Even before this year's Arab uprisings, the Middle East was not an undifferentiated block of authoritarianism. The citizens of countries with little or no oil, such as Egypt, Jordan, Lebanon, Morocco, and Tunisia, generally had more freedom than those of countries with lots of it, such as Bahrain, Iraq, Kuwait, Libya, and Saudi Arabia. And once the tumult started, the oil-rich regimes were more effective at fending off attempts to unseat them. Indeed, the Arab Spring has seriously threatened just one oil-funded ruler -- Libya's Muammar al-Qaddafi -- and only because NATO's intervention prevented the rebels' certain defeat.

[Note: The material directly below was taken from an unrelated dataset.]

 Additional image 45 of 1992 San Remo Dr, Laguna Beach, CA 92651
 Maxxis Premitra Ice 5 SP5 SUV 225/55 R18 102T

Worldwide, democracy has made impressive strides over the last three decades: just 30 percent of the world's governments were democratic in 1980; about 60 percent are today. Yet almost all the democratic governments that emerged during that period were in countries with little or no oil; in fact, countries that produced less than $100 per capita of oil per year (about what Ukraine and Vietnam produce) were three times as likely to democratize as countries that produced more than that. No country with more than a fraction of the per capita oil wealth of Bahrain, Iraq, or Libya has ever successfully gone from dictatorship to democracy. Scholars have called this the oil curse, arguing that oil wealth leads to authoritarianism, economic instability, corruption, and violent conflict. Skeptics claim that the correlation between oil and repression is a coincidence. As Dick Cheney, then the CEO of Haliburton, remarked at a 1996 energy conference, "The problem is that the good Lord didn't see fit to put oil and gas reserves where there are democratic governments."
But divine intervention did not cause repression in the Middle East: hydrocarbons did. There is no getting around the fact that countries in the region are less free because they produce and sell oil.